Разглядываю зал. Кажется, весь цвет города прибыл посмотреть. Все на месте. Из уже упомянутых не хватает Смышляева и Баскова. Ну, с Алексеем Петровичем все ясно. На его месте я бы тоже тут не отсвечивал. А вот Бася горячится. Он в этом зале появится в обязательном порядке, чего бы мне и ему это ни стоило. Его фамилия фигурирует в уголовном деле в списке свидетелей, и новоиспеченному криминальному авторитету Тернова уже следовало бы изучить практику моего рассмотрения дел и сделать соответствующие выводы. Если в деле присутствует фамилия «Иванов», то, где бы в данный момент Иванов ни находился, он обязательно в моем представлении поучаствует. Единственное, чему я пока так и не научился, – это оживлять трупы. Именно по этой причине некоторые Ивановы в моих процессах так и не появляются. Однако мне известно, что отходить в мир теней Сергей Николаевич Басков не собирается. Поэтому его сегодняшнее отсутствие я расцениваю не иначе как вызов.
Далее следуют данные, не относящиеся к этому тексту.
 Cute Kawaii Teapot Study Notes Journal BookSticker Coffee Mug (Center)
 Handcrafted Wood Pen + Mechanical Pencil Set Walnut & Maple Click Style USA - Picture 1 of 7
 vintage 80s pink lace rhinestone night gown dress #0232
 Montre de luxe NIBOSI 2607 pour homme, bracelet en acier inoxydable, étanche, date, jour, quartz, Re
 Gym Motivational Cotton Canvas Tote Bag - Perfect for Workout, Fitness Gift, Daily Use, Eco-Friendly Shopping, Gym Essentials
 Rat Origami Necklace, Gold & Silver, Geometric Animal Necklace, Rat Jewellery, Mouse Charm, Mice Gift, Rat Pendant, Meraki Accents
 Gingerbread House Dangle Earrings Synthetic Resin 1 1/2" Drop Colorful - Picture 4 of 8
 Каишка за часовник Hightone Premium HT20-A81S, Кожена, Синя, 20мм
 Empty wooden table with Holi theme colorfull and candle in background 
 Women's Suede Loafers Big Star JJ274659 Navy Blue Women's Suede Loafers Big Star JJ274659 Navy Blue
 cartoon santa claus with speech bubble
О дне первого судебного заседания он уведомлен надлежащим образом, и вряд ли я признаю уважительной причиной факт его отсутствия из-за деловой встречи с каким-нибудь залетным авторитетом. Если это так, пусть несет мне справку. «Я, Митя Горно-Алтайский, настоящим заверяю, что Сергей Николаевич Басков (Бася) с десяти до тринадцати часов пятого марта «тер» со мной чисто за жизнь на берегу Терновки». Если принесет, я приобщу к материалам дела и неявку признаю уважительной.
Когда я дохожу до той части, где звучит мой вопрос: «Отводы составу суда есть?», в зале наступает оглушительная тишина. Я знаю, многим в зале суда сейчас очень хочется заорать: «Долой Струге!!!» Но и они знают – едва они заявят ходатайство о моем отводе, как я спокойно удалюсь вместе с заседателями в совещательную комнату и уже через пять минут оттуда выйду. Все, чего они могут добиться в этом случае, будет никому не нужная оттяжка начала заседания на пять минут. Я встану и провозглашу мнение суда о том, что данное ходатайство не обосновано и не является препятствием для того, чтобы данное дело рассматривалось в составе прежнем.
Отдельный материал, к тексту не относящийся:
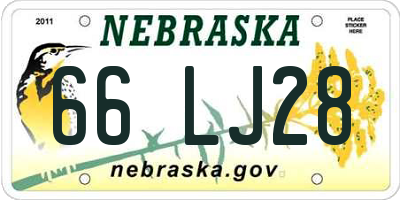 NE license plate 66LJ28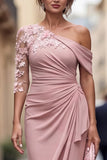 Blush One Shoulder Mermaid Floral Ruched Long Mother of the Bride Dress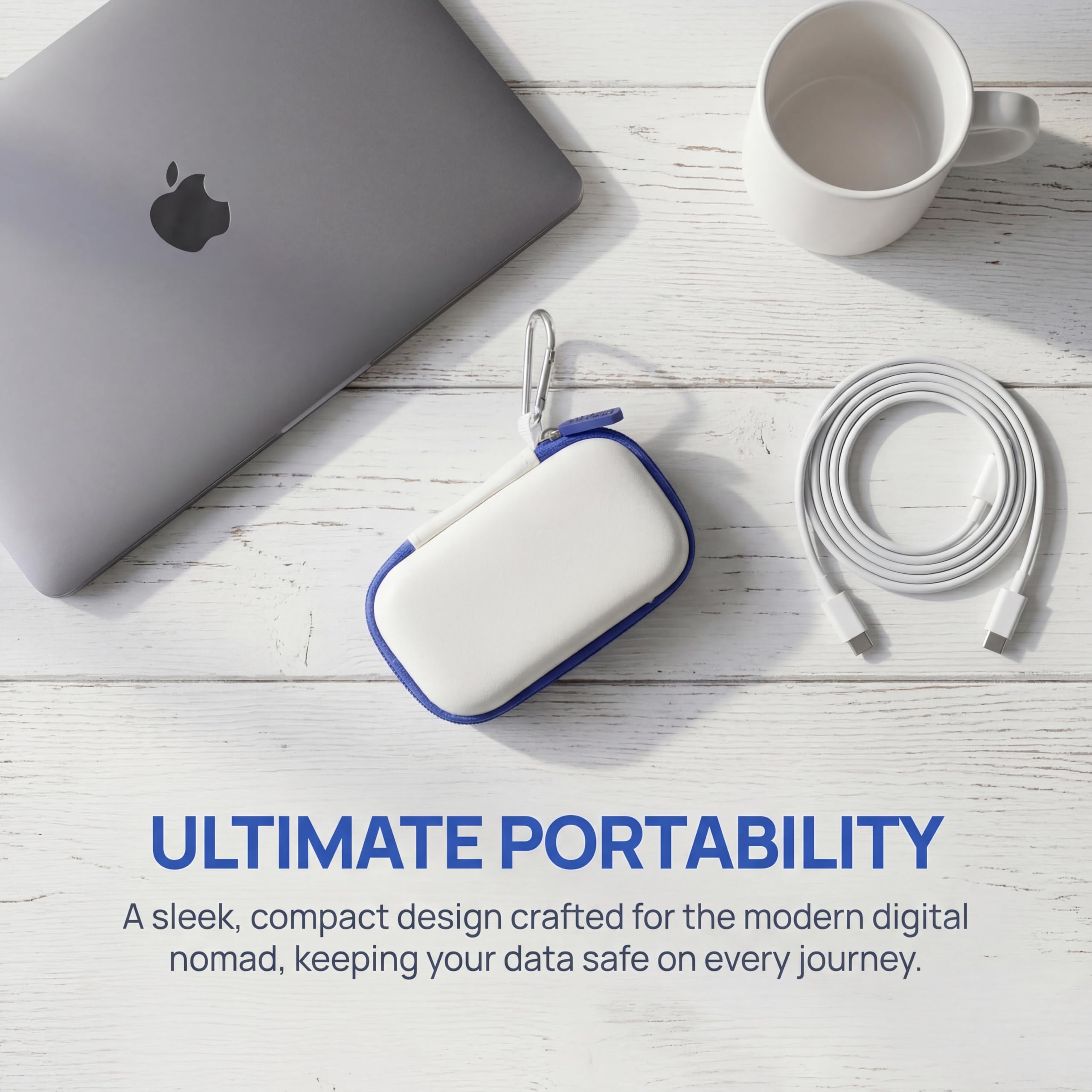 White SanDisk portable SSD case on a desk, designed for travel portability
Поэтому со всех четырех сторон я слышу лишь глухие ответы «Нет» или вижу молчаливые покачивания головой. Какой смысл делать то, что не возымеет никакого последствия?
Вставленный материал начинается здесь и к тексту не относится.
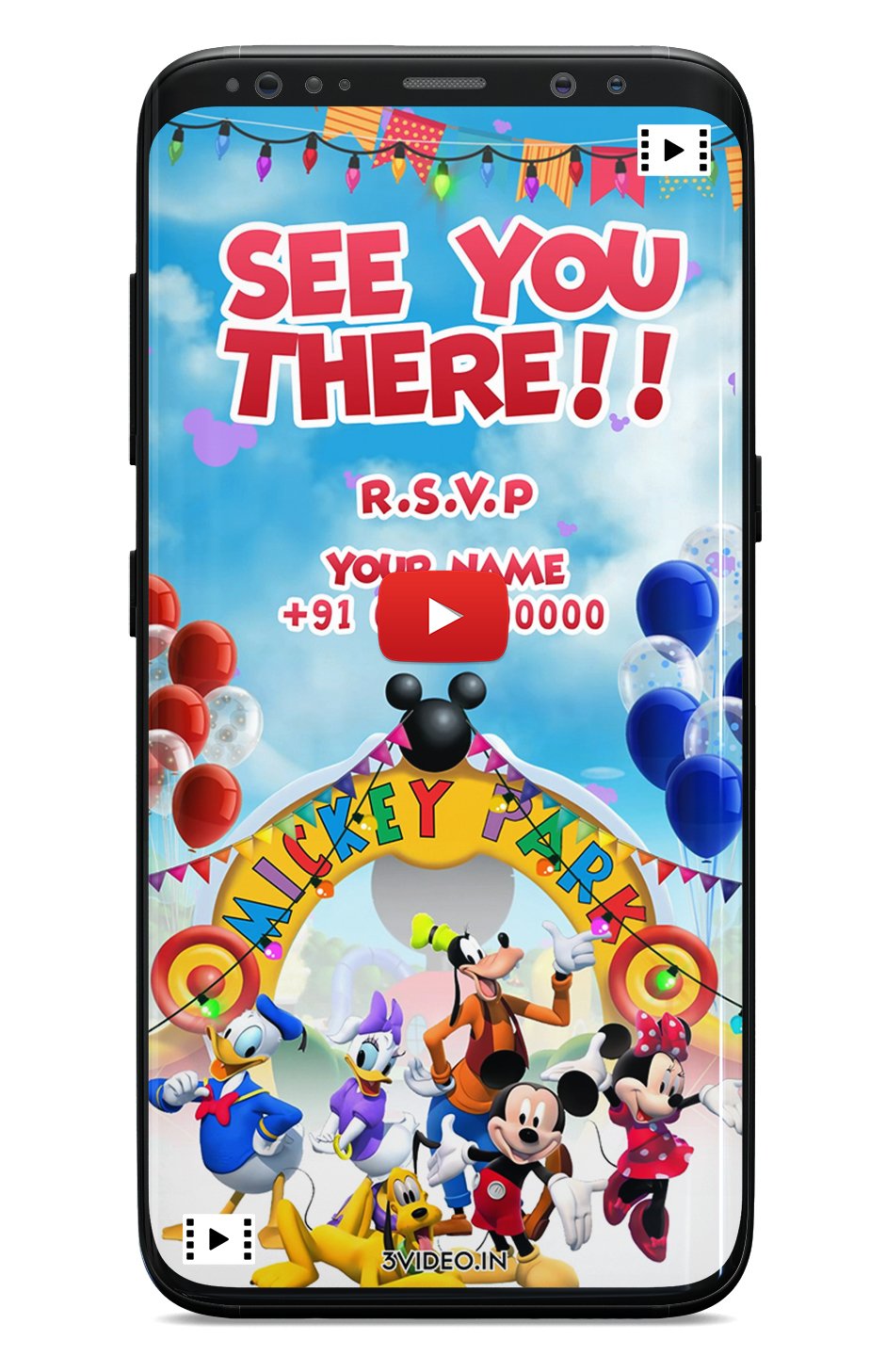 Mickey Mouse Birthday Invitation Video_V-2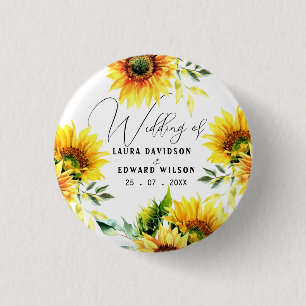 Badge Rond 2,50 Cm Yellow sunflower floral vibrant spring bouquet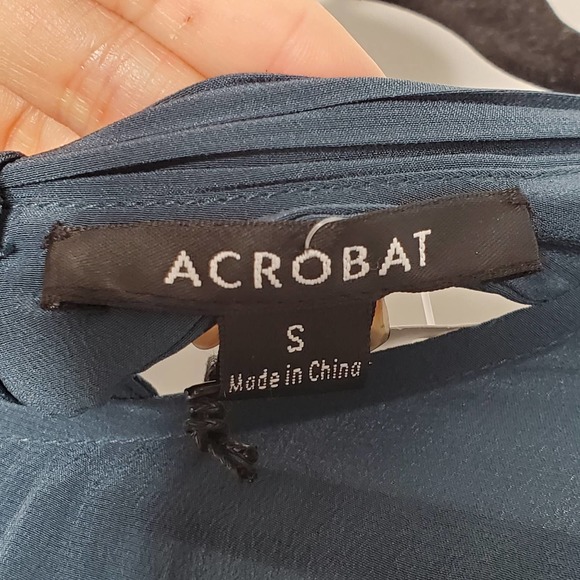 ACROBAT Nori Navy Blue Sleeveless High-Low Long Dress Sz Small S - Picture 4 of 8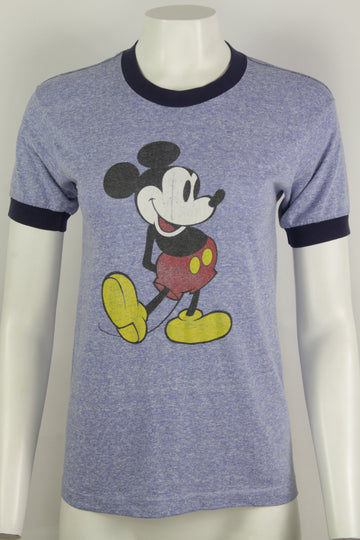 Vintage Mickey Mouse Marl Ringer T-shirt  - As worn by John Lenon in New York  -  S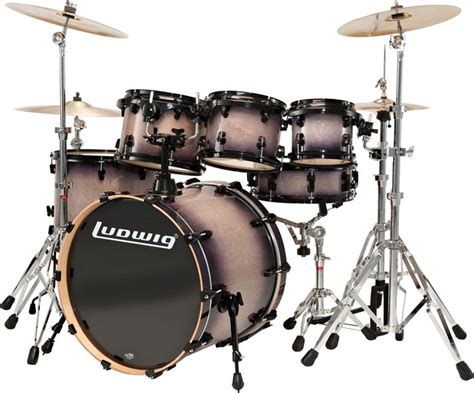 Ludwig Element Lacquer 6 Piece Fusion Shell Pack Black Burst Quilium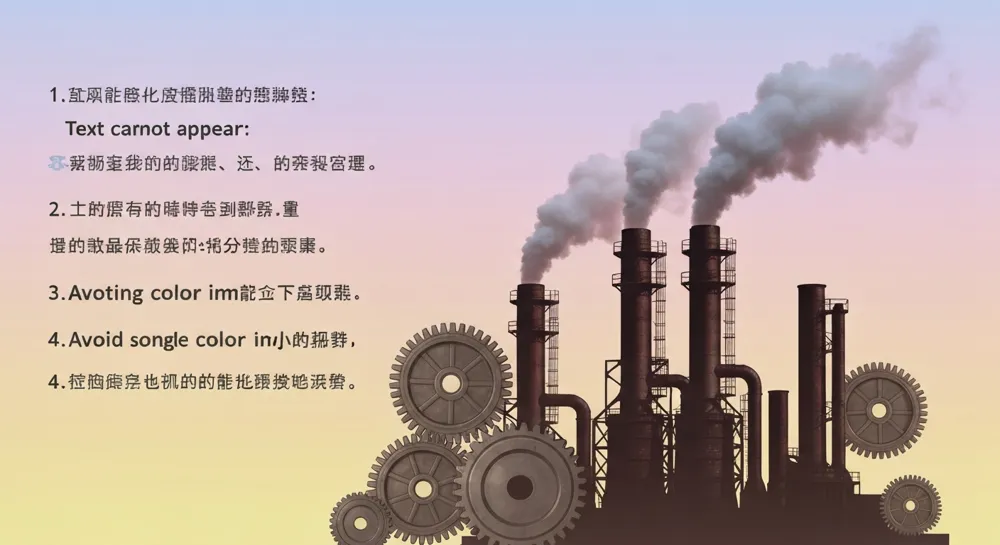 Imagen que muestra estructuras de hornos de coque industriales con emisiones de humo, rodeadas de engranajes o elementos mecánicos que simbolizan el envejecimiento, sobre un fondo degradado suave.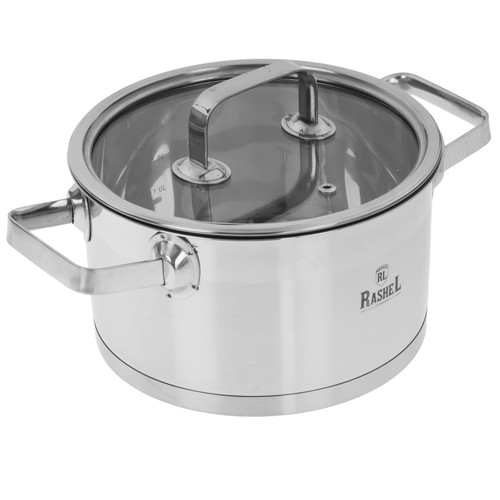 Купить Кастрюля Rashel Виктория R-270w 2.7 л 18 см серебристый  9321065. Характеристики, отзывы и цены в Донецке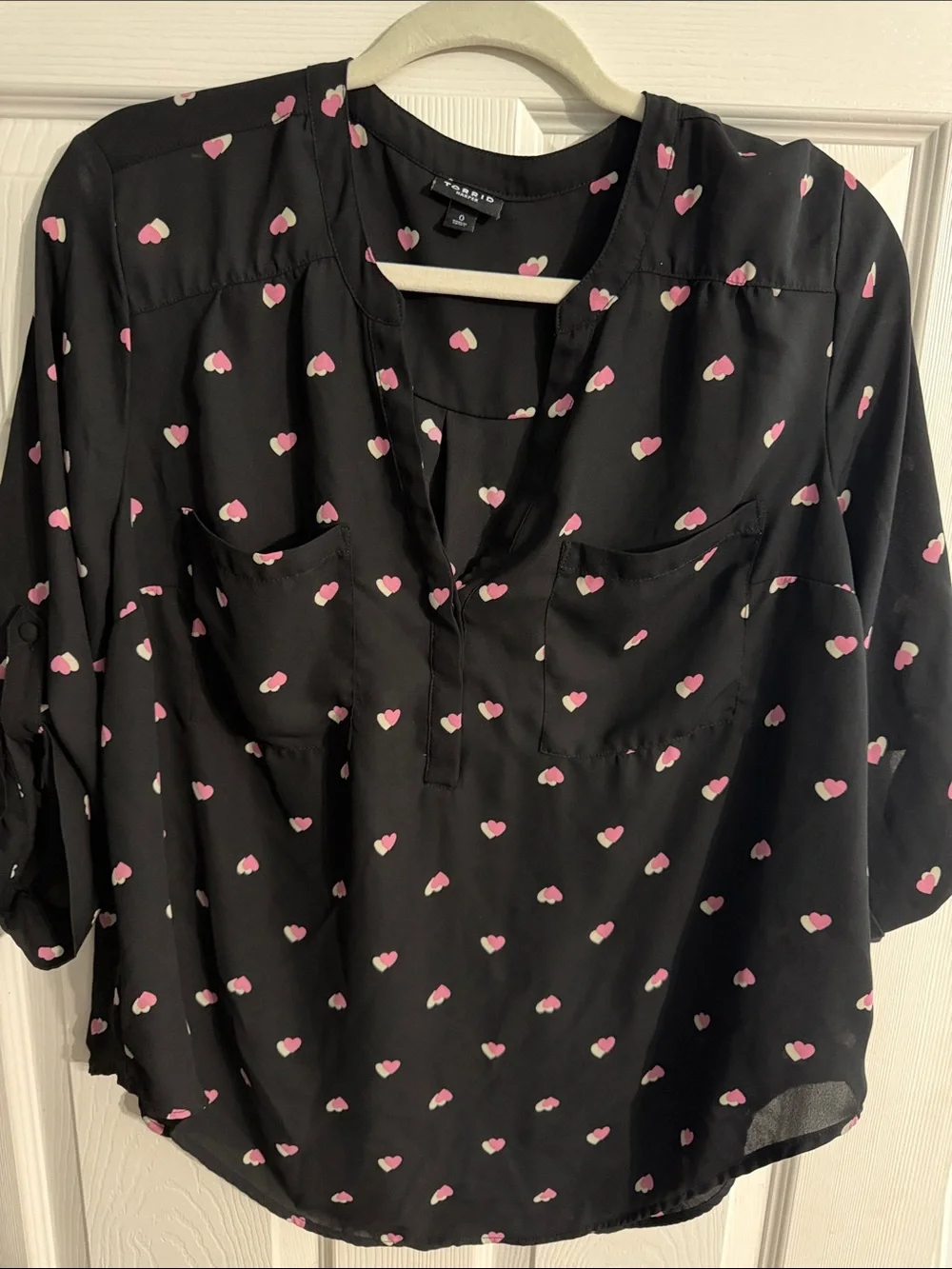 torrid Black Blouse with Pink Heart Print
Закон в этой стадии заставляет меня быть нудным и монотонным. Однако без этих шаблонных вопросов, предписанных мне законом, обойтись нельзя. Я деловито тяну резину, знакомя друг с другом всех участников процесса. Собственно, знакомиться мне с ними не нужно. Всех этих адвокатов я знаю так хорошо, что могу быть личным летописцем каждого. Я знаю, кто в какой стадии сделает прокол и кто из них обязательно этим воспользуется. Всех этих мэтров я повидал на своих процессах десятки раз. То же самое они могут сказать и обо мне, так что ситуации равны. Единственный, кто слегка выпадает из этого действа, это государственный обвинитель. Этого молодого человека в форме юриста первого класса я вижу впервые. Он молод и слегка растерян, хотя всячески старается скрыть это обстоятельство. Очевидно, в своих мыслях я не одинок, так как совершенно четко вижу – хищные взгляды адвокатов и адвокатесс направлены именно на этого незнакомца. Он будет поддерживать обвинение и задавать Малыгину каверзные вопросы. Именно от действий этого сотрудника прокуратуры сейчас зависит очень многое. Я не могу поддерживать ни сторону обвинения, ни сторону защиты. Если так можно выразиться, я – статист, принимающий окончательное решение. Однако все прекрасно понимают, что очень скоро этот статист начнет задавать такие вопросы, что мама не горюй. В общем, со Струге все ясно. Другого адвокаты от судьи уже давно не ждут. Поэтому, едва не роняя кипящую слюну на свои конспекты, они рассматривают самое, на их взгляд, тонкое звено в этом процессе – государственного обвинителя. Честно говоря, зная состав потерпевшей и подсудимой сторон, районный прокурор мог бы назначить на это место человека посноровистей, с уже зажившими от вражеских укусов шрамами на шкуре. Но я понимаю, присутствие этого молодого незнакомого человека в процессе – событие не случайное. Если нельзя договориться со Струге, это не означает, что договориться нельзя вообще ни с кем. Ай-я-яй.